Note that if you enable this security model, you may find that many more scripts than you expect produce taint violations, and you'll spend a lot of time responding to dialogs that ask you to confirm form submissions or new page requests. One of the main reasons that tainting was not enabled in Navigator 3.0 was that the user interface to support it well was not yet ready. Thus, for Navigator 4.0, we can hope to see a smoother UI that does not ask as many questions.

Values Tainted by Default

Table 20.1 lists the object properties and methods that are tainted by default. The taint() and untaint() functions that will be introduced below allow you to modify these defaults.

Table 20.1: JavaScript Properties and Methods That Are Tainted by Default
Object	Tainted Properties and Methods
Document	`cookie`, `domain`, `forms[]`, `lastModified`, `links[]`, `location`, `referrer`, `title`, `URL`
Form	`action`
All Form input elements: Button, Checkbox, FileUpload, Hidden, Password, Radio, Reset, Select, Submit, Text, Textarea	`checked`, `defaultChecked`, `defaultValue`, `name`, `selectedIndex`, `toString()`, `value`
History	`current`, `next`, `previous`, `toString()`, all array elements[1]
Location, Link, Area	`hash`, `host`, `hostname`, `href`, `pathname`, `port`, `protocol`, `search`, `toString()`
Option	`defaultSelected`, `selected`, `text`, `value`
Window	`defaultStatus`, `status`
Footnotes: [1] Note that History properties belong to the browser, not the server, and thus have a different taint value.

The taint() and untaint() Functions

Table 20.1 shows the object properties and methods that are tainted by default in Navigator 3.0. This list is not the final word on tainting.

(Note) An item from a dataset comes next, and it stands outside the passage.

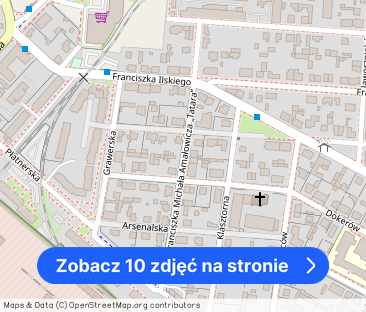 Bezpośrednio 3-pokojowe mieszkanie z garażem i komórką lokatorską - Zdjęcie 1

If a script would like to prevent other data it owns from being exported, it may taint that data with the taint() method. Similarly, if a script would like to relax the data-tainting rules in order to allow information it owns to be exported more freely, it can remove its taint from a value with the untaint() method.

There are some important things to note about these functions. First, both taint() and untaint() return a tainted or untainted copy of primitive vales or a tainted or untainted reference to objects and arrays. In JavaScript, taint is carried by references to objects, not by the objects themselves. So when you untaint an object, what you are really doing is untainting a reference to that object, not the object itself. The object's value may be exported through the untainted reference but not through the tainted reference.

The second point to note is that a script can use untaint() only to remove its own taint from a value. If a value X carries taint that identifies it as owned by server A, then a script running in a document from server B may call untaint() on value X but will not succeed in removing server A's taint, and will not be able to export that value to server B.

Finally, if taint() and untaint() are called with no argument, then they add and remove taint from the script rather than from a particular object. Again, a script can only remove its own taint from itself: if a script from server A has tainted itself by examining tainted data owned by server B, then server A cannot remove that taint from itself.